Bizarre Dental History—Painless Parker
Imagine: you decide, after brunch with a few friends, to take a walk in the park. It’s a beautiful day and, as couples share picnics and dogs catch frisbees in their mouths, a live band begins playing your favorite song. You’re feeling good, and just as you’re about to say so to your friends, you become horrified by the sight of a dentist extracting someone’s tooth right there in the middle of the park! As you stand there, debating your sanity, other people begin lining up to become this dentist’s newest patient.
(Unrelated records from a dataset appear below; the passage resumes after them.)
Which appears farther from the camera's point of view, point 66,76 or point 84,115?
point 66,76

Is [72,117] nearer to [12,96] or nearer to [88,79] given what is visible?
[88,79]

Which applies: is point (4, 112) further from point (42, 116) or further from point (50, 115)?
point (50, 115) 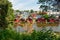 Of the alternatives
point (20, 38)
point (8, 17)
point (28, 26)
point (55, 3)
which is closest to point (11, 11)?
point (8, 17)

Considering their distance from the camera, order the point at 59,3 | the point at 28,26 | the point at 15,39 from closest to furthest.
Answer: the point at 15,39
the point at 59,3
the point at 28,26

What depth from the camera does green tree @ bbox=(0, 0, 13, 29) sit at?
1956 centimetres

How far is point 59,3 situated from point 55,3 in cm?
36

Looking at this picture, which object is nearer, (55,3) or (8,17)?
(55,3)

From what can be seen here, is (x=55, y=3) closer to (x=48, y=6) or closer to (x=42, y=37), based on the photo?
(x=48, y=6)

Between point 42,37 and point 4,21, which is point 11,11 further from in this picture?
point 42,37

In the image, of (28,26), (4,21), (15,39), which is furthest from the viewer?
(4,21)

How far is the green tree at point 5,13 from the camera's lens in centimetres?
1956

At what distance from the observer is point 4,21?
19.9m

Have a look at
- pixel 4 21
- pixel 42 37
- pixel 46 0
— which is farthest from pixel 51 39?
pixel 4 21

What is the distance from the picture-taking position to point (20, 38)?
8.80m

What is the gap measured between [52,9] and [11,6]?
264 inches

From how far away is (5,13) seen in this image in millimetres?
19953

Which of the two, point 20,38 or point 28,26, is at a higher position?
point 20,38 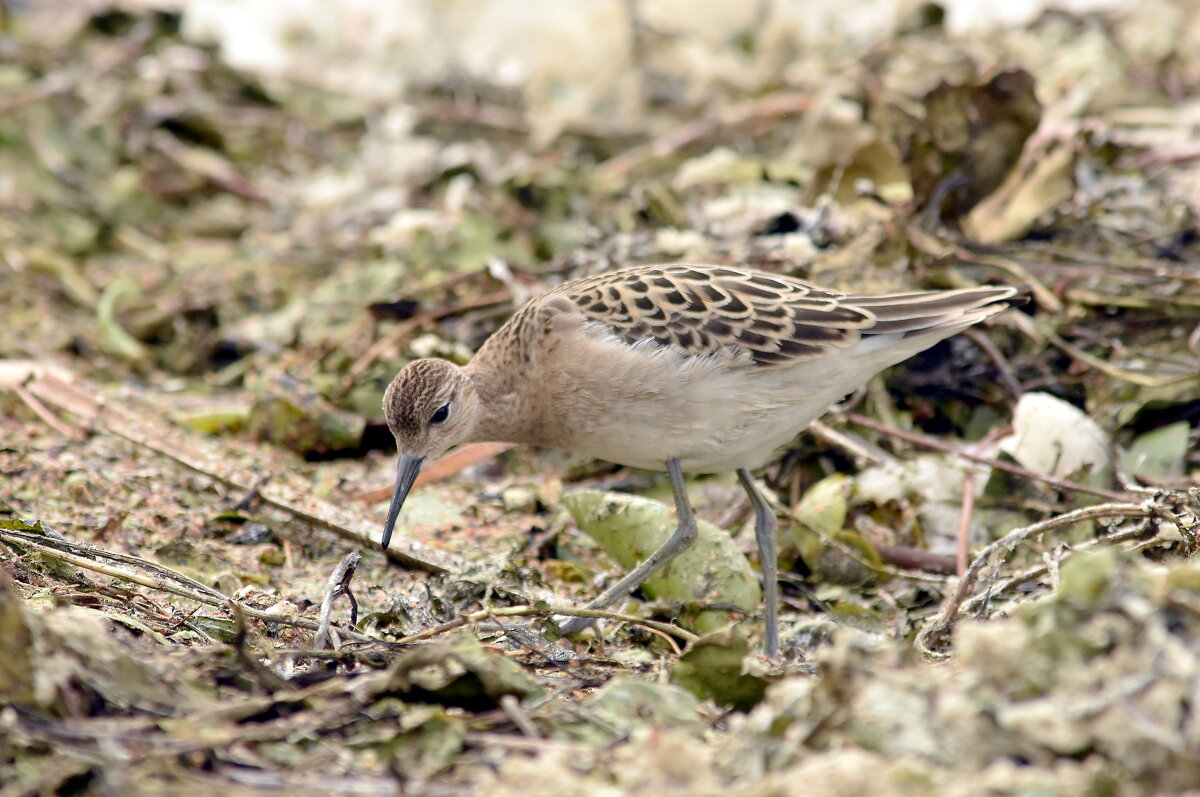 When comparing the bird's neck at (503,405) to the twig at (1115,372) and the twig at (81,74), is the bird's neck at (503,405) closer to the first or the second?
the twig at (1115,372)

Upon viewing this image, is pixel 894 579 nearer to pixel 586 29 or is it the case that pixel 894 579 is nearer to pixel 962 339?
pixel 962 339

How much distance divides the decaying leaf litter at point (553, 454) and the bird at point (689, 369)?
41cm

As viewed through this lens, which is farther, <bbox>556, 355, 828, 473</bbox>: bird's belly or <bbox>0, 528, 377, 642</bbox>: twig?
<bbox>556, 355, 828, 473</bbox>: bird's belly

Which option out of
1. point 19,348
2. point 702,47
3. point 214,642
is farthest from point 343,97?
point 214,642

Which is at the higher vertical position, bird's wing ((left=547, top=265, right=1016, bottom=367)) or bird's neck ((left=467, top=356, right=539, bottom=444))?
bird's wing ((left=547, top=265, right=1016, bottom=367))

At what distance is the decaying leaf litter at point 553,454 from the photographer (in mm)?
A: 3037

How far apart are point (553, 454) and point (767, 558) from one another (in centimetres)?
174

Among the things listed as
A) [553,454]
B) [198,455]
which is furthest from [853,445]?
[198,455]

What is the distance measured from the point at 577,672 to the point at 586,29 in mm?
7925

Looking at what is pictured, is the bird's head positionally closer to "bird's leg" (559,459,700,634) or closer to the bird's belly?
the bird's belly

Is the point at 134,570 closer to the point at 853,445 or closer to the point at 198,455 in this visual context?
the point at 198,455

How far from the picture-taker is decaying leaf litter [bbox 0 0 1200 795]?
3037 millimetres

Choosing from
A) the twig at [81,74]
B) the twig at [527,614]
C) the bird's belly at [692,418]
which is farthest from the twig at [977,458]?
the twig at [81,74]

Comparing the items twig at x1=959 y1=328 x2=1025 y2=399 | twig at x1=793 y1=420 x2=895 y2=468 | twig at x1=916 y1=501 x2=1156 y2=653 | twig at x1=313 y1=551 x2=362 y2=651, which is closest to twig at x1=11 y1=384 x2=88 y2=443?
twig at x1=313 y1=551 x2=362 y2=651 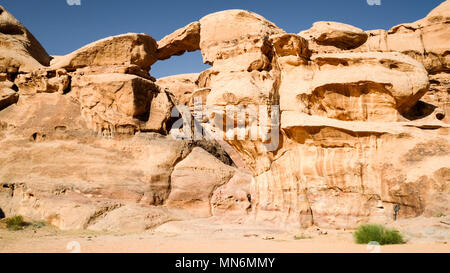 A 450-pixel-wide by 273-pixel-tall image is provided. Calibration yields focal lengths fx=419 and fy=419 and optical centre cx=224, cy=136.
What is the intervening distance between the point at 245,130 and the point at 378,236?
5.75 m

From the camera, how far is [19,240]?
32.5ft

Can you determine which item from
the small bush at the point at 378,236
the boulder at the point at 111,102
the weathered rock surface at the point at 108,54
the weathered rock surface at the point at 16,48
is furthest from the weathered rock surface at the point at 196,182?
the small bush at the point at 378,236

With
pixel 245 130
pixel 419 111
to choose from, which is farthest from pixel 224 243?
pixel 419 111

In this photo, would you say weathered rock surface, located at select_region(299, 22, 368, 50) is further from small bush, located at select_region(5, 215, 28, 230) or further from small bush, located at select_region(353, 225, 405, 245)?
small bush, located at select_region(5, 215, 28, 230)

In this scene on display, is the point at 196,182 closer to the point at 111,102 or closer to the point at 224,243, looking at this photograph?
the point at 111,102

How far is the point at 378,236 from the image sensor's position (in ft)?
25.4

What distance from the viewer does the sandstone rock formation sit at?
11398 millimetres

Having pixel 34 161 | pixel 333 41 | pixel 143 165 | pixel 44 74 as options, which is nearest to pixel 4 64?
pixel 44 74

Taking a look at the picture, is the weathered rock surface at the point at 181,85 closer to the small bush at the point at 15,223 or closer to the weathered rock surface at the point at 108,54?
the weathered rock surface at the point at 108,54

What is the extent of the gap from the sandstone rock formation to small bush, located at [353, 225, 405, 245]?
237 centimetres

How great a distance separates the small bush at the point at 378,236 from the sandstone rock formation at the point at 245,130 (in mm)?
2370

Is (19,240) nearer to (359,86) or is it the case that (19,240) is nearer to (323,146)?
(323,146)

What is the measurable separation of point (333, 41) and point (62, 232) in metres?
11.0

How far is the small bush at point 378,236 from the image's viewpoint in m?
7.68
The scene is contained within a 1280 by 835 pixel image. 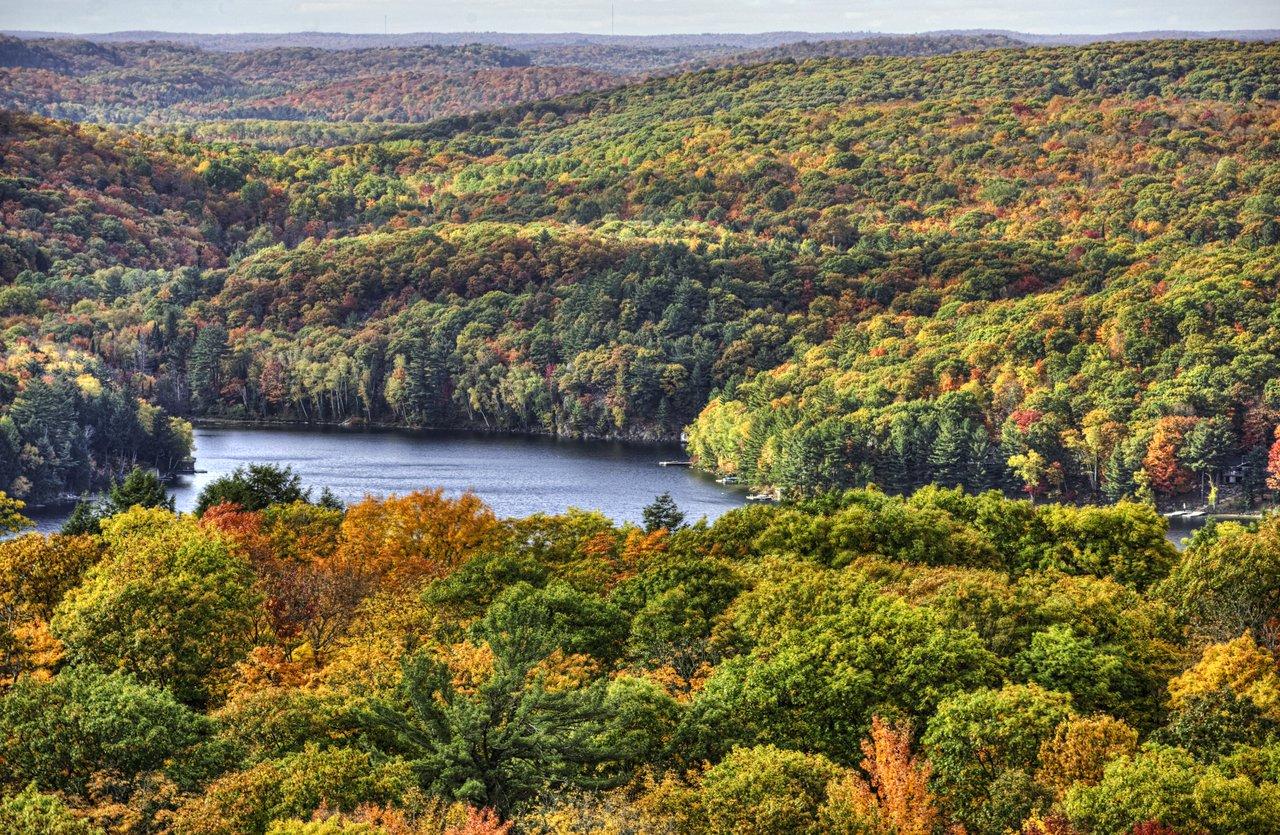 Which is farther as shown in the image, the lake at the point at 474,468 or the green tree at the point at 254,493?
the lake at the point at 474,468

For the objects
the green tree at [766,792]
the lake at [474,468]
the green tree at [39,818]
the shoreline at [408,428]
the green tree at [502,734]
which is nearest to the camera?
the green tree at [39,818]

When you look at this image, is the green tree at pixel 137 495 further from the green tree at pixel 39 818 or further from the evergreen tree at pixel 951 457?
the evergreen tree at pixel 951 457

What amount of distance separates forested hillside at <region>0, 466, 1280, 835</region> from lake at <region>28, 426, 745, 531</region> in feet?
163

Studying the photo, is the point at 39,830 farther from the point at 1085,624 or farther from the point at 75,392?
the point at 75,392

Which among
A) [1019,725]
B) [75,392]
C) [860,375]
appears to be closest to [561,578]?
[1019,725]

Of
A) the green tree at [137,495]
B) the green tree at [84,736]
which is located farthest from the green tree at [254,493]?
the green tree at [84,736]

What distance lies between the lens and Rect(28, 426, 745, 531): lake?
112 metres

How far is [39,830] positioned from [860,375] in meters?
120

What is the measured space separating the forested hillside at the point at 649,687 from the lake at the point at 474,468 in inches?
1957

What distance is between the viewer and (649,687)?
4084cm

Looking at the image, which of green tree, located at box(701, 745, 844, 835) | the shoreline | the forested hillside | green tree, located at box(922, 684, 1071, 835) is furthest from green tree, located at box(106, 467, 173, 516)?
the shoreline

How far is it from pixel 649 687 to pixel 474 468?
88.4 metres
“If the extraction’s not painless, I’ll gladly give you your money back!” proclaims this dentist, with the tone and cadence of a carnival barker.
How would you react? Would you think it was a legitimate practice or a foolish hoax?
Edgar R. R. Parker did just this while performing dentistry throughout the early 1900s. He nicknamed himself “Painless Parker,” and many people believe he was a pioneer in affordable healthcare. But we’ll get to all of that. First, a little history:
Originally a sailor, Parker went into dentistry in the late 1800s. He was dismissed, however, from the New York College of Dentistry shortly after they discovered he was performing door-to-door tooth removals in exchange for cash. In 1892, Parker attained a degree from what is now called Temple University. Dr. Amid Ismail, Temple University’s dean, has stated that Parker was a terrible college student and had to resort to begging the dean to allow him to graduate—which he did.
It was improper for health care providers to solicit to new patients during those years. Therefore, Parker only saw one single patient in the first six weeks that his new practice in Canada was open. Parker was both uncompromising and intuitive, and he worked out an innovative advertising scheme to amass the patients—and consequent recognition—for which he yearned. Enter “Painless Parker’s Dental Circus.”
In 1913, with the help of a flashy horse-drawn carriage, a sizable music ensemble, and classic sideshow characters like tattooists and little people, Painless Parker—alongside his colleague, William Beebe—transformed dentistry into a roaming spectacle. Parker began the show by first speaking about the value of dental hygiene. Then he would take a “volunteer” from the audience and pretend to extract one of his or her teeth. A little trickery, beguilement, and a tooth that Parker masked in his palm were all it took for innocent bystanders to enlist themselves to be his next patient. Parker proclaimed that the extraction price was half a dollar, and if it wasn’t painless he would give $5 (which he never had) to the patient. This is where the orchestra came into play. The moment the patient climbed up onto his dentist chair, Parker would tap his foot to beckon the musicians to play louder. The roar of the band excellently muffled any shouts or screeches from the poor patient.
Because Novocain had not been invented at this time, Parker blended his own personal solution that he referred to as “hydrocaine”—made from watered down cocaine—which he administered directly inside the cavity. When that didn’t stop the ache, he would offer his patients whiskey.
As you can imagine, Parker was disliked by a lot of his colleagues, including the American Dental Association. The ADA ultimately claimed Parker was “a menace to the dignity of the profession.” Though he had his traveling dental show running up to the 1930s, Parker relocated to California in 1915 and launched 30 Painless Parker Dental Clinics. It was around this time that he legally changed his name to Painless Parker so as to minimize any lawsuits for erroneous advertisements.
Rolf G. Behrents submitted a report to the American Journal of Orthodontics & Dentofacial Orthopedics website, which stated: “He also developed and sold Painless Parker dental products (mouthwash, toothpaste, and so on). He used airplanes to tow advertising banners. He made educational films about oral hygiene. He had a nationally-syndicated call-in radio show about dentistry. He saw to the dental needs of zoo animals (he called this ’hippodontia’). He also became a celebrity dentist, treating many glamorous movie stars of the time… Wherever there was a situation offering visibility and free advertising, he seemed to make the most of the opportunity.”
Although Painless Parker wasn’t entirely trustworthy in his practices, he changed the way we now think about dentistry. For example, he believed firmly in affordable health care and didn’t bill his patients for rudimentary assessments. He extended credit to poorer patients, distributed vouchers, and used marketing and advertising as a way to instruct the general public on the seriousness of oral health and wellness. Plus, by launching about 30 dental practices across America, he had the opportunity to hire teams of dentists, hygienists, and assistants that could support many more patients than previously possible.